Eton Psychos

Wieder einmal kann man nur mit Neid auf andere Länder blicken, in denen politische Skandale ein ungleich höheres Unterhaltungsniveau haben. Christian Wulff langweilte uns mit seiner kleingeistigen Liebedienerei im Umgang mit der Bourgeoisie – eine halbe Bratente oder ein Bobby Car für kleine Gefälligkeiten. Erbärmlich. Ganz anders die Briten, die seit Wochen angeregt darüber debattieren, ob Premierminister David Cameron in seiner Studentenzeit bei einer Party »a private part of his anatomy« in das Maul eines toten Schweins gesteckt hat. Das regt die Phantasie an, man denkt an wüsten Sex, hektoliterweise Champagner und Unmengen Kokain. Allerdings ist die Geschichte vielleicht nur eine Erfindung. Sie stammt aus einer von Lord Ashcroft in Auftrag gegebenen Biographie. Der Lord hat Camerons Kar­riere mit viel Geld und Mühe gefördert, wurde dann aber bei der Verteilung hoher Posten übergangen. Sollte Piggate eine Erfindung sein, müsste man Ashcroft zu der brillanten Racheidee beglückwünschen. Denn die Geschichte ist so bizarr, dass sie im Gedächtnis haften bleibt. Es wird interessant sein zu beobachten, ob die Kollegen beim nächsten EU-Gipfel ihre Mimik kontrollieren können, und noch in Jahrzehnten wird Cameron immer das Gefühl haben, dass man hinter seinem Rücken grinst und sich »oink, oink« zugrunzt.
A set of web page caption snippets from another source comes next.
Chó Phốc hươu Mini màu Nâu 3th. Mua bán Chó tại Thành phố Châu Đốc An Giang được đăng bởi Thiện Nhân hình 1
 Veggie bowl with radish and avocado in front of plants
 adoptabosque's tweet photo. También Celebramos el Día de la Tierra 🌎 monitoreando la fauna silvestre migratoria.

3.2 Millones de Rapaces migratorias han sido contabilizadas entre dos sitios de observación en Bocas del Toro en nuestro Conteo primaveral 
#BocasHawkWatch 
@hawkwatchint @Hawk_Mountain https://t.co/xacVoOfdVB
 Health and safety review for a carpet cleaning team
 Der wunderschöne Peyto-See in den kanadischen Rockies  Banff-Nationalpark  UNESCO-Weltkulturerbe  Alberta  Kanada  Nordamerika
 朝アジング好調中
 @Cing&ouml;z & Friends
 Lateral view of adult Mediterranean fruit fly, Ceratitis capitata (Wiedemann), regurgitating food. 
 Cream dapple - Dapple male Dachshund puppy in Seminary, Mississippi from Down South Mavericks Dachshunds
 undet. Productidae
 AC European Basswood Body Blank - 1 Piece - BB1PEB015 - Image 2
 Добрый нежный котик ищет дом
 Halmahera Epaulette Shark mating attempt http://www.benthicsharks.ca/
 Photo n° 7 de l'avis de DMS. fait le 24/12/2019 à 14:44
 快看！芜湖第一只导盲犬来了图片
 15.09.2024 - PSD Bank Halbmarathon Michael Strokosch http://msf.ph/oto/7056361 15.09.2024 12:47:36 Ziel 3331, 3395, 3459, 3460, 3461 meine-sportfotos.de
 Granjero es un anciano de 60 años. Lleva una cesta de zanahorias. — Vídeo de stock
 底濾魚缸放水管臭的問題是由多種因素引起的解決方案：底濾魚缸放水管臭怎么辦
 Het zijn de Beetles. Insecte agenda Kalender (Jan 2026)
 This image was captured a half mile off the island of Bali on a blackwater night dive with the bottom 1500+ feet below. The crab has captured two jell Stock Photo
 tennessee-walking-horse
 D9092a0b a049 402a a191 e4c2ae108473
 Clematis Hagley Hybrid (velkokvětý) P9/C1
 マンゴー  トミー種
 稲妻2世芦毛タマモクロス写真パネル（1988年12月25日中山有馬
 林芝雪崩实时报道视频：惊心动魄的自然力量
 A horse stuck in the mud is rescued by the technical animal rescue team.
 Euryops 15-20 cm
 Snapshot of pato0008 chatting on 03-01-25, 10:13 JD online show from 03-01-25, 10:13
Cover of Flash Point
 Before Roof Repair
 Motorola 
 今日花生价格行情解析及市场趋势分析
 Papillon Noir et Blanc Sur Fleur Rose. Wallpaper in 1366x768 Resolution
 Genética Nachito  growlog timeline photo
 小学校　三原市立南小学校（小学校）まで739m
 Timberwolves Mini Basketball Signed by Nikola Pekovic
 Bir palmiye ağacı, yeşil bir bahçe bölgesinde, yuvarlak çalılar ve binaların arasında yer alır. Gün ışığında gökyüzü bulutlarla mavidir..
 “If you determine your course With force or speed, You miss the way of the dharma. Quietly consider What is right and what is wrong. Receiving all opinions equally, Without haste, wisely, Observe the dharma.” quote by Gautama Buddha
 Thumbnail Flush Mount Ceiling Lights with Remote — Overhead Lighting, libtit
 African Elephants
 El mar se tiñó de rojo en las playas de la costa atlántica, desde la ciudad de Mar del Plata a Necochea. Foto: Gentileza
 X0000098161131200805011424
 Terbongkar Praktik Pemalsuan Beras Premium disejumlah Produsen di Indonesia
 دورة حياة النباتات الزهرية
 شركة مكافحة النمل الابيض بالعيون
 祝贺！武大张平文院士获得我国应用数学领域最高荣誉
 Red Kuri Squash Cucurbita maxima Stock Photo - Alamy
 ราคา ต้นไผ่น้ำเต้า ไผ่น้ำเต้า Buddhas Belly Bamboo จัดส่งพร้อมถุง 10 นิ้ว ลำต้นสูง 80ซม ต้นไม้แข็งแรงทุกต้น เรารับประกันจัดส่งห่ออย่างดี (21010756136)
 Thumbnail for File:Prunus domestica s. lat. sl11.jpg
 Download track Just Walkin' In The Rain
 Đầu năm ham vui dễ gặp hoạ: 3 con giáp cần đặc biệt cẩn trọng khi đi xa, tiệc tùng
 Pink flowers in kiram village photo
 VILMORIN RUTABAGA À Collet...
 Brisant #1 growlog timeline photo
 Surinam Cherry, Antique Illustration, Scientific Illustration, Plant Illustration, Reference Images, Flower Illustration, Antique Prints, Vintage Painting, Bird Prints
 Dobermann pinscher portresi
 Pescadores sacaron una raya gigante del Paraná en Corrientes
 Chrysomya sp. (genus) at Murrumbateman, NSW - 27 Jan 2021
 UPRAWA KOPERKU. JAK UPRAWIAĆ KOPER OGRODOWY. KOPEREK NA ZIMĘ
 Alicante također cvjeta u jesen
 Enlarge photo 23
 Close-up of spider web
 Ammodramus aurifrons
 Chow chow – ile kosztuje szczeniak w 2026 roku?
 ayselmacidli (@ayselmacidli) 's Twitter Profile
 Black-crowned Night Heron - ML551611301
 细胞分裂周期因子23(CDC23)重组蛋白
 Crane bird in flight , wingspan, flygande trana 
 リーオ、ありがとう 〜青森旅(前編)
Ein wenig Schadenfreude sollte dem Bürger in diesen düsteren Zeiten gegönnt werden. Die Voraussetzung dafür ist allerdings, dass sich das politische Establishment überwiegend aus einer exklusiven Kaste der Oberschicht rekrutiert und das auch mehr oder weniger offen zugibt. Denn nur so kann sich die Legende halten, in den angesagten Studentenverbindungen passierten Dinge, die Elagabal vor Neid erblassen ließen. Der Wahrheit entspricht das wohl nicht, so wird von den Partys berichtet, sie unterschieden sich vor allem dadurch von gewöhn­lichen Techno-Events, dass die Dealer mehr Geld für die Drogen nehmen. Zweifellos aber huldigt diese »Elite« dem Standesdünkel, dass es erniedrigende Aufnahmerituale gibt, ist daher wahrscheinlich. Das ist der beunruhigende Aspekt. Denn falls Cameron es getan hat – bemerkenswerterweise gibt es in Großbritannien niemanden, der dies für ausgeschlossen hält –, dann, wie »American Psycho« Patrick Bateman sagt, »because I want to fit in«: Anpassung an die Standesregeln, Verzicht auf eigenständiges Denken und Handeln, Empathielosigkeit, strikte Abgrenzung nicht nur nach unten, sondern auch gegenüber dem wirklichen Leben im Allgemeinen, verbunden mit einem Hauch von Sadismus, nicht als Spielart der Lust, sondern als Mittel zum Zweck: immer oben bleiben. Auch vermeintlich verruchte Partys sind nur für den Status absolvierte Pflichtübungen, bei denen man sich nicht wirklich amüsiert. Aber das war wohl schon bei Elagabals Orgien so.